The Cuban American comedians, content creators and social activists used their social media platforms with a combined reach of 1 million followers to raise awareness and call out for action in Washington. 

Hundreds of Cubans from all over the country, all ages and especially the young, came here to Washington chanting the same thing: "libertad," freedom, and "intervencion," intervention. They’re asking for the freedom of their fellow Cubans on the island. 

Some young Floridians like Daniel Cruz, who was born in Cuba, hit the road in caravans on a 15-hour drive to Washington. 

"We need to stop them from killing our people," Cruz said. "We need to stop them. And that's heartbreaking for us.
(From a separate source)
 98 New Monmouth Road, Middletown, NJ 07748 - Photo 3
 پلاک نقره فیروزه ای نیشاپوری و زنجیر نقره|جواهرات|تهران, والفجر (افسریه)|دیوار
That's really heartbreaking."

After a week of uprisings on the island, videos like this showing Cubans being beaten were harder to get online because the regime blocked and limited the internet. 

Federal legislators like congressman Mario Diaz-Balart and congresswoman Maria Elvira Salazar have urged President Biden to bring stable internet access in Cuba. 

"He can order the State Department at the United States Department in the heart of Havana to turn on the internet," Salazar said. "Not only that, we can put a tower in Guantanamo."

Dozens of people in Cuba have been arrested and some are still missing. 

"El regimen Cubano se llevo a su hermano y usted no sabe nada de el?" Turcios asked Jorge Luiz Garcia Perez in Spanish. 

"The regime took your brother and you don’t know anything about him?" Turcios repeated in English. 

He replied, “No solo se llevo a mi hermano, se llevo a su esposa": "They not only took my brother, they took his wife."

Former Cuban political prisoner, Jorge Luiz Garcia Perez, known as “Antunez,” says his brother and sister-in-law were arrested during protests on the island.

"The Cuban matter is not a matter only for people that live in Cuba, it's a matter of national security, too, because they are exporting communism to Nicaragua, to Venezuela, to Colombia," Gonzalez said.  

The historic uprisings in Cuba are in response to the island's shortage of food, medicine and rising COVID-19 cases.